Der Fisch war staerker als der 7,5 Pfuender. Als er endlich das erste Mal fertig war Schnur zu nehmen, musste ich schon ordentlich ziehen um seinen Kopf gedreht zu bekommen. Starke Stoesse liessen mein Adrenalinspiegel steigen. Das war mal wieder ein ordentlicher Lachs. Man vergisst wie stark die sind! Dann kam er eine Strecke Richtung Boot geschwommen und ich musste kurbeln wie ein Berserker um die Schnur nicht schlaff werden zu lassen. Dann sausste er wieder davon und so ging das noch 5 Minuten hin und her bis ich den Lachs endlich in Bootsnaehe werkeln konnte. Als er vielleicht 7 m hinter dem Boot das erste Mal seine Schwanz- und Rueckenflosse zeigte, war ich hochzufrieden. Das war ein schoener Winterlachs – um die 10 Pfund. Ich konnte ihn dann neben das Boot dirigieren und wollte nun mit dem Kescher zulangen. Aber er war noch zu frisch und sausste wieder ab, als er den Kescher kommen sah. Ich liess schnell den Finger, der die Schnur am Griff festklemmte, los, und liess ihn ziehen. Er kam nicht mehr weit und die naechste Bootsannaeherung war seine letzte. Der lange Kescherstiel packte ihn ein bevor er nochmal Kraft fuer eine Flucht sammeln konnte.

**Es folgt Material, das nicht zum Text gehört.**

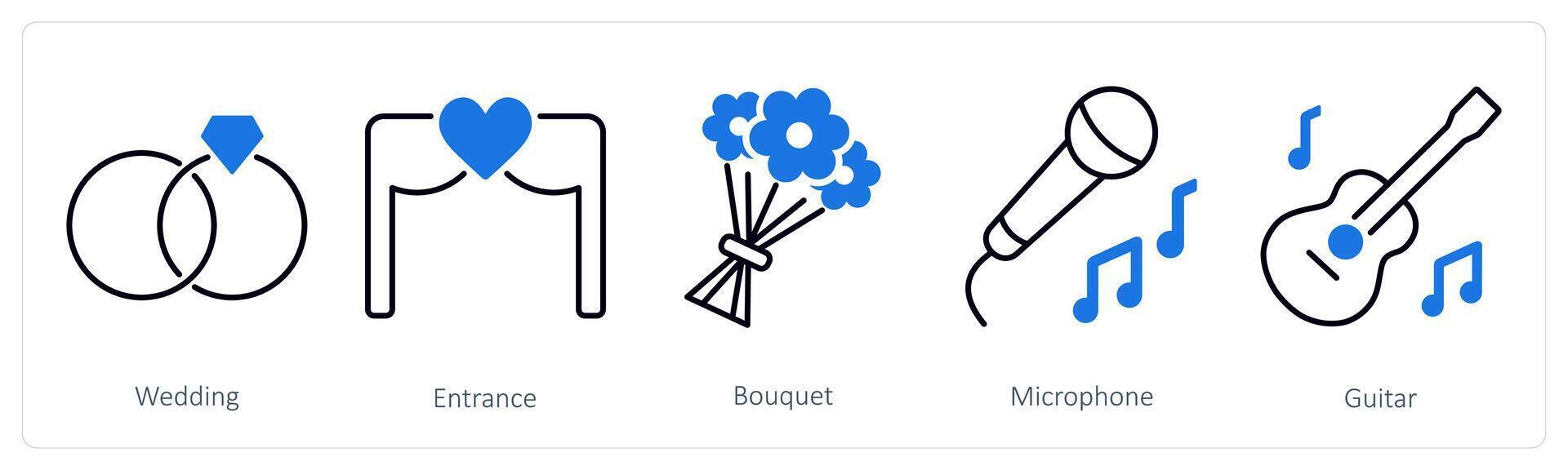 A set of 5 Party and Celebration icons as wedding, entrance, bouquet vector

Ich freute mich ungemein und bestaunte den kurzen aber sehr kraeftigen Fisch im Kescher. Mein groesster Lachs bisher in 2017. Die Waage zeigte 9 Pfund. Als ich ihn versorgt hatte beschloss ich nur Richtung Marina zurueckzuschleppen. Als ich den Rueckweg antrat, funkte ich noch an Unbestimmt, dass Whirl Bay rund lief – falls es jemanden interessierte. Noch bevor ich Whirl Bay aus den Augen verlor sah ich zwei Boote ankommen. Vielleicht hatten die aehnliches Glueck. Als ich um die Ecke in den Pedder Bay Fjord kam, ruckte wieder die tiefere Rute los und ich dachte schon an das Dilemma wenn ich jetzt einen 15 Pfuender erwischen wuerde. Der Fisch entpuppte sich aber schnell als ein fetter Felsenbarsch, der jetzt in Schonzeit stand.

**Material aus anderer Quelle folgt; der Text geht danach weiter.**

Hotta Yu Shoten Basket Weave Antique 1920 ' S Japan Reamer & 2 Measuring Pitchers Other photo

Zurueck an der Marina filettierte ich die Lachse und gewann 4 feine Filets. Um die Reste stritten sich zu meinen Fuessen Robben, Otter und Moewen. An ihrem Hunger zu urteilen, war ich wohl der erste heute der mit Beute zurueckkam. Und ich war voll zufrieden mit dem Resultat – nach nur ca. 2 h Angeln. Manchmal muss man eben einen richtigen Riecher haben!